Sans vouloir évoquer « les tenants et les aboutissants de l’arrestation de son fils qui a soulevé nombre d’interrogations », elle s’est attardée sur « la virulente campagne orchestrée par de nombreux médias écrits, audiovisuels et électroniques, articulée dans le cadre d’un plan délibérément ordonnancé ». Ceci alors que les actes d’instruction ont démontré que les accusations retenues contre le prévenu ne reposent sur aucun fondement, « une faille qu’on s’est employé à combler au travers d’une offensive médiatique destinée à obtenir l’adhésion de l’opinion publique à une affaire dont les architectes savaient d’avance qu’elle ne suscitera pas l’enthousiasme général », explique la famille.

La fièvre de la surenchère s’est calmée au fil des jours jusqu’à la parution dans la presse écrite d’un article à la Une où il est question de « pots-de-vin et de chantage », des accusations abandonnées, au demeurant, par la justice.
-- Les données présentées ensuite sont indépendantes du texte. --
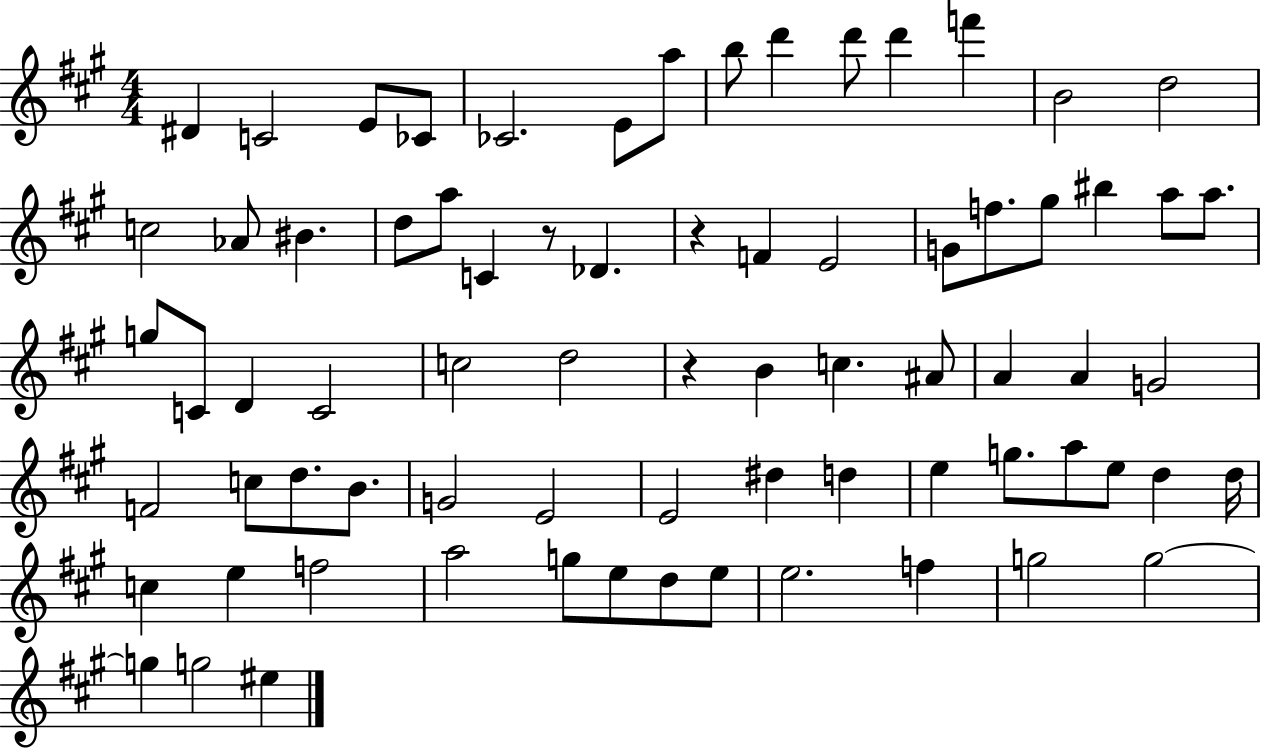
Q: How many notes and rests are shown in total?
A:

Un article relayé par une émission télévisée théâtralisée, de mauvaise facture, truffée de qualificatifs négatifs pour le prévenu, souligne la famille Hmidi qui y voit un moyen pour faire pression sur la justice à l’approche de l’examen de l’affaire par la chambre de mises en accusation.

La famille trouve enfin « étrange » que l’instance de régulation audiovisuelle, la HAICA « se mure dans le silence à l’instar, d’ailleurs, des structures d’encadrement de la profession de journalisme, de même que le ministère public qui fait montre d’une indifférence absolue ».